§ **EXERCISE REQUIREMENTS**: Retype the listing below line for line, but only from the line with "Sneak Peek of" down to the line with "2024.12.05 Qatar Masters", inclusive. Pictures stay out.

*** DATA SUPPLIED

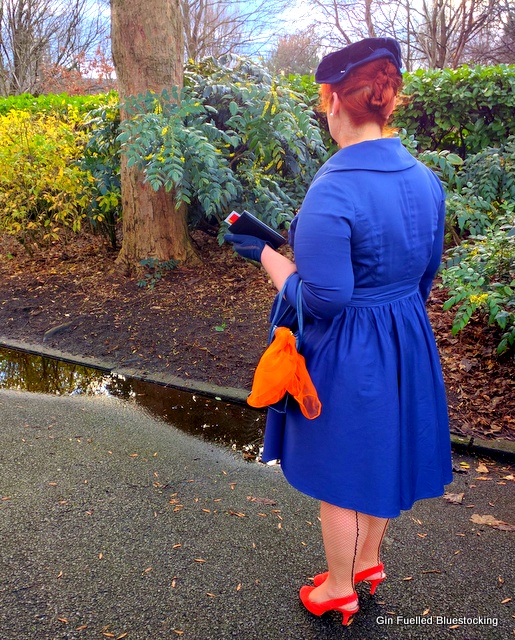 Blue Belle in Vintage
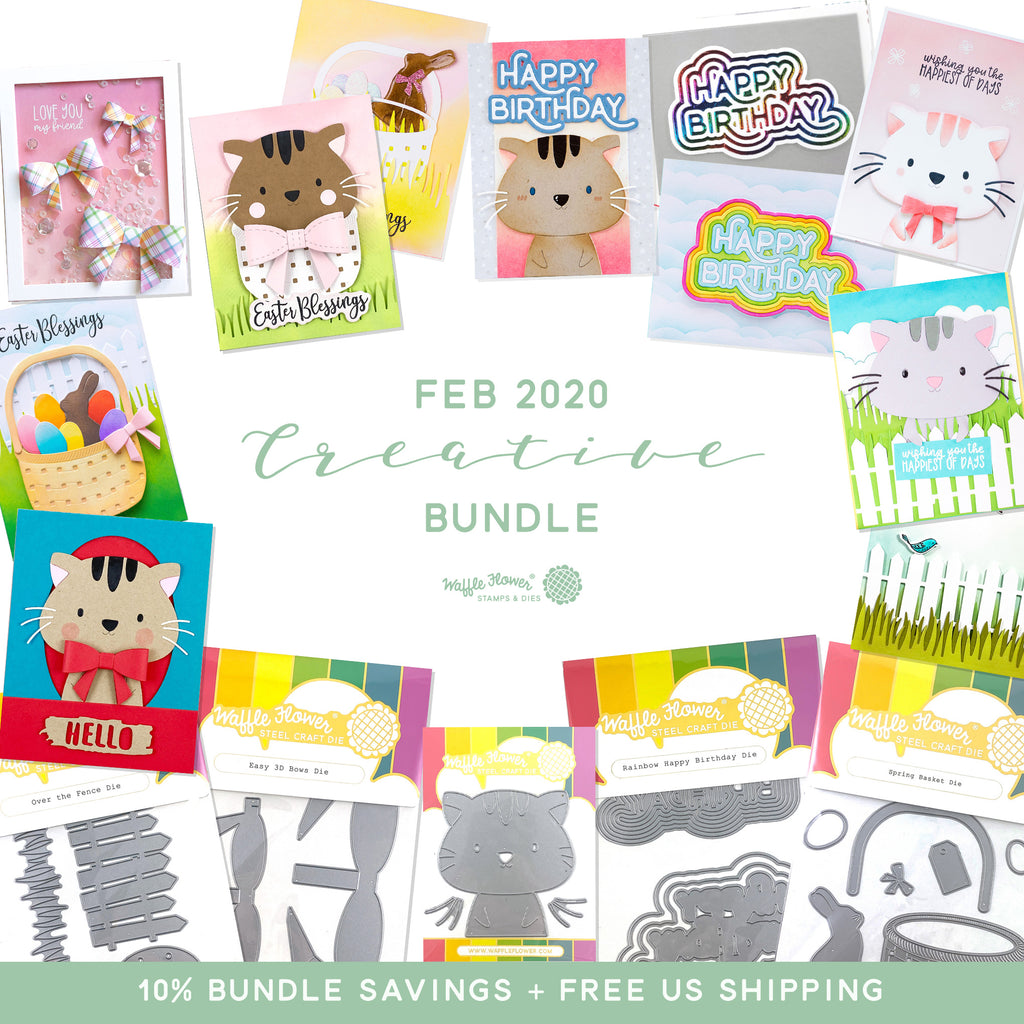 Sneak Peek of February Creative Bundle - Available February 5th!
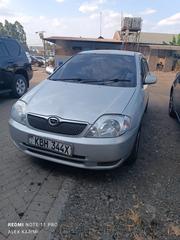 Toyota Allex 2004 Silver for sale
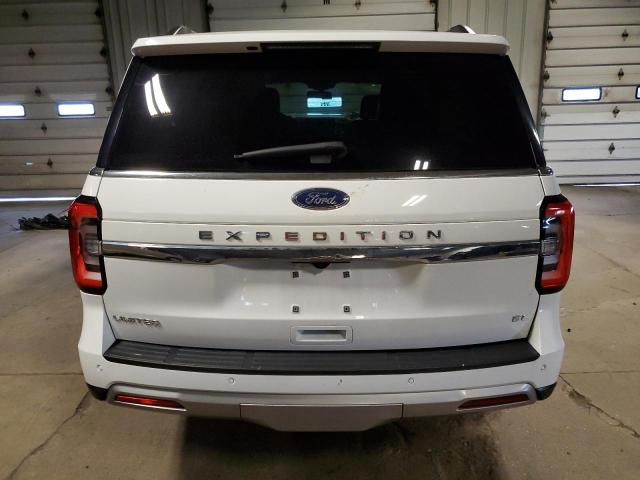 1FMJK2AT2NEA37527 - 2022 FORD EXPEDITION MAX LIMITED WHITE photo 6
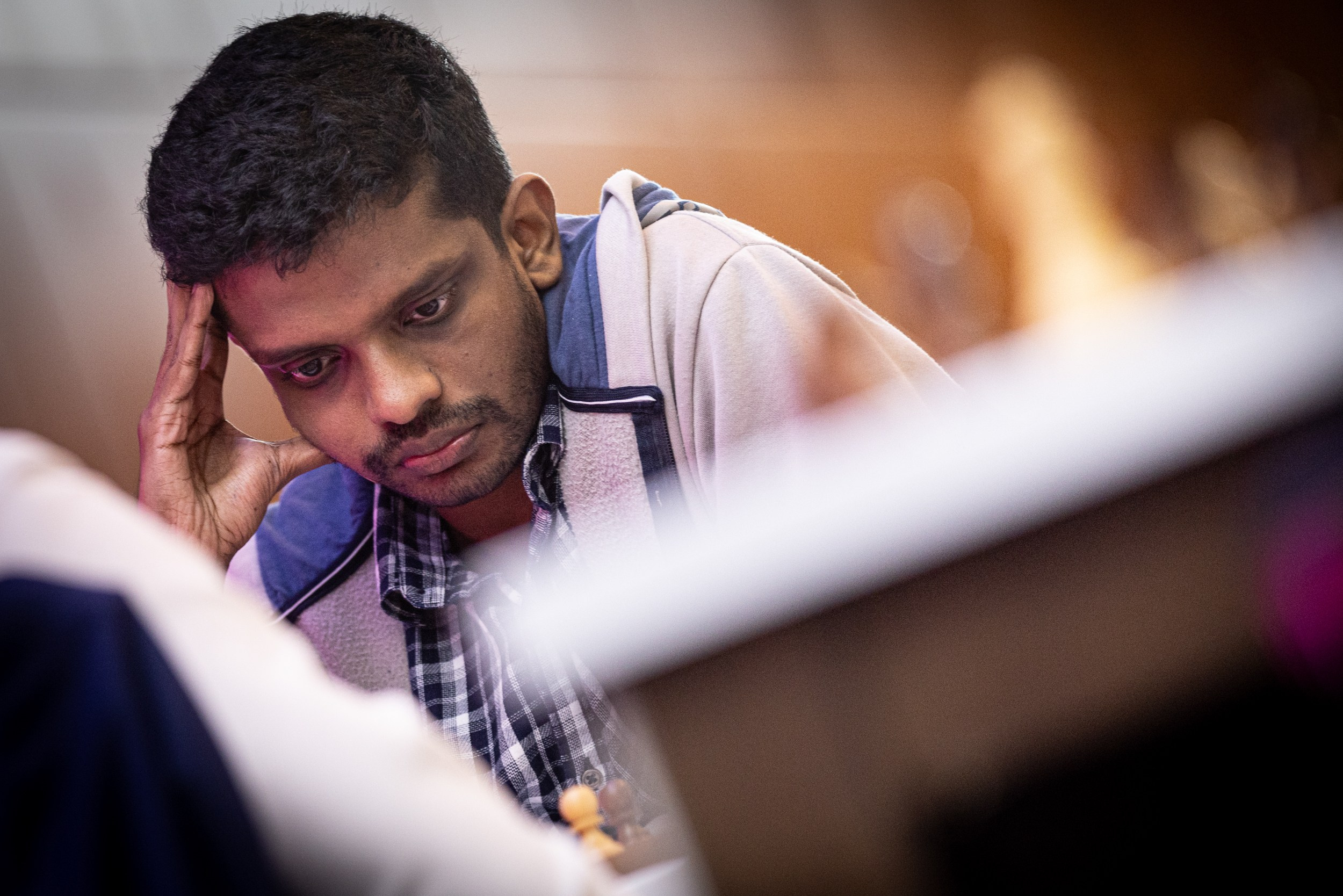 2024.12.05 Qatar Masters Open 2024 — Round3. Фотограф Анна Штурман (репортажная съёмка любых событий и мероприятий) Anna Shtourman photographer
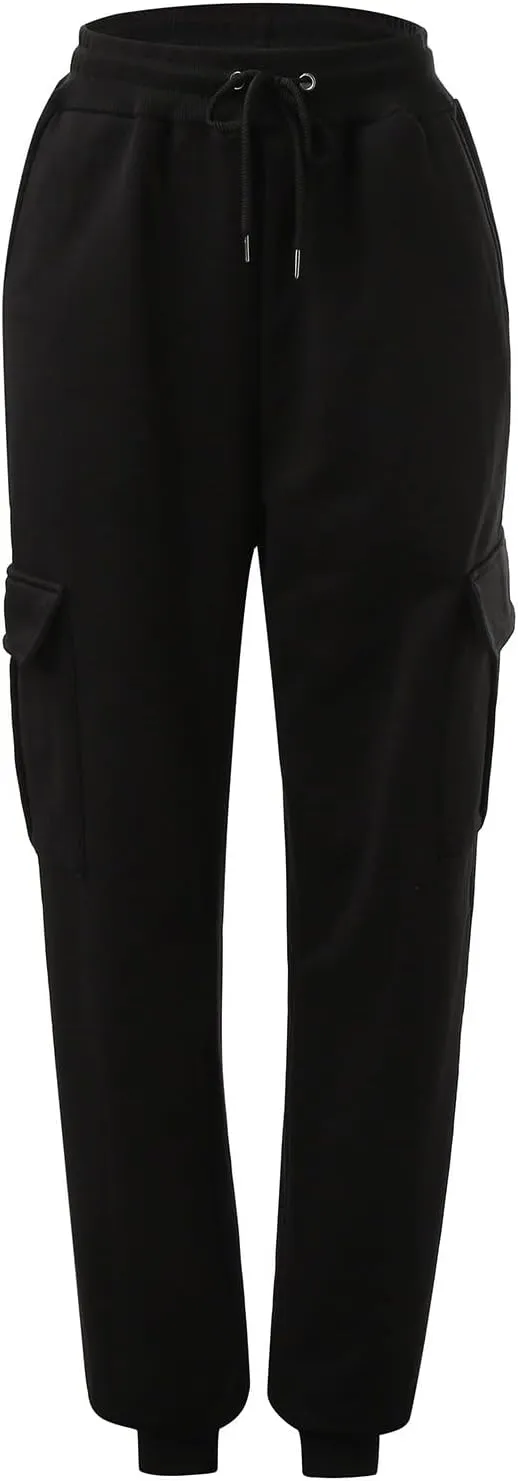 Mens Sweatpants with Pockets Big and Tall for Running Mens Fleece Active Athletic Workout Jogger Sweatpants Mens Pocket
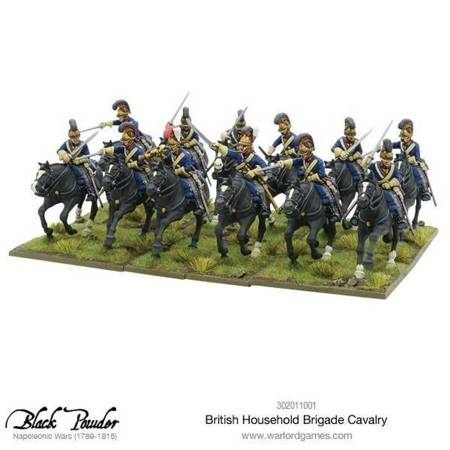 Black Powder British Household Brigade Cavalry 1789-1815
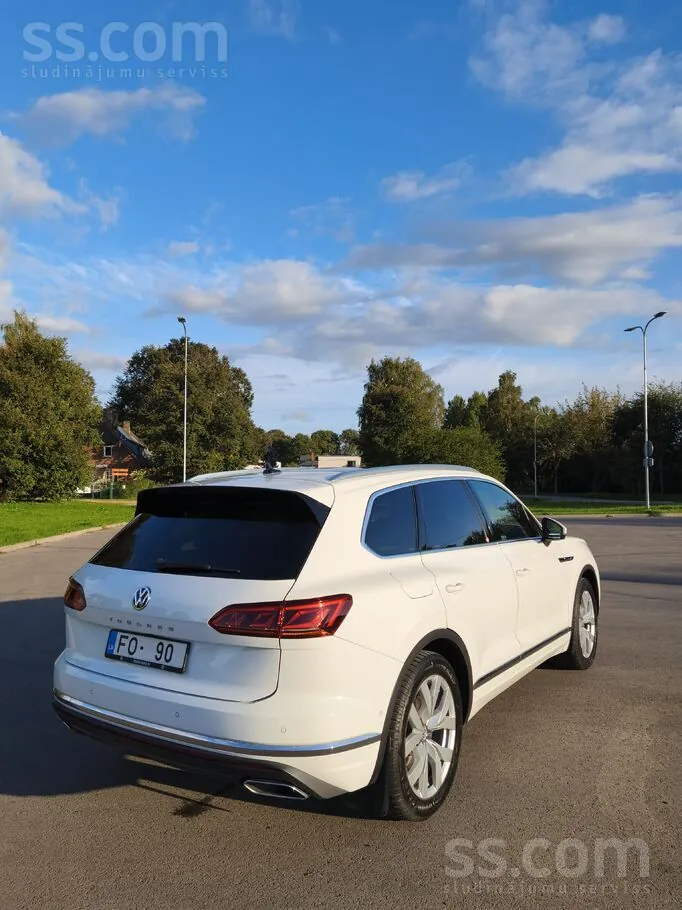 Volkswagen Touareg 2018 photo 5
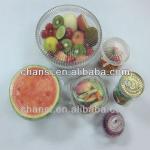 Silicone stretch lid for bowl cover CSSL-6SET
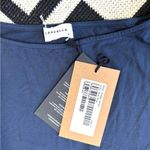 Marcella Cooper Off The Shoulder Maxi Dress Medium Blue Photo 13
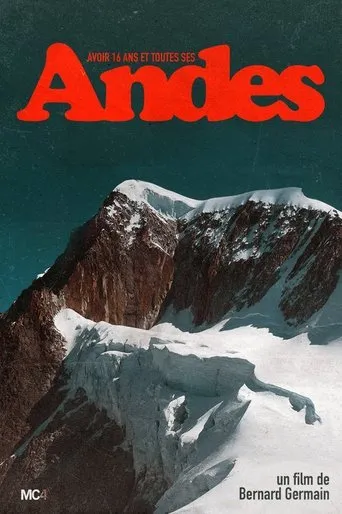 Póster de Avoir 16 ans et toutes ses Andes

******

§ **WRITTEN ANSWER**:
 Sneak Peek of February Creative Bundle - Available February 5th!
 Toyota Allex 2004 Silver for sale
 1FMJK2AT2NEA37527 - 2022 FORD EXPEDITION MAX LIMITED WHITE photo 6
 2024.12.05 Qatar Masters Open 2024 — Round3. Фотограф Анна Штурман (репортажная съёмка любых событий и мероприятий) Anna Shtourman photographer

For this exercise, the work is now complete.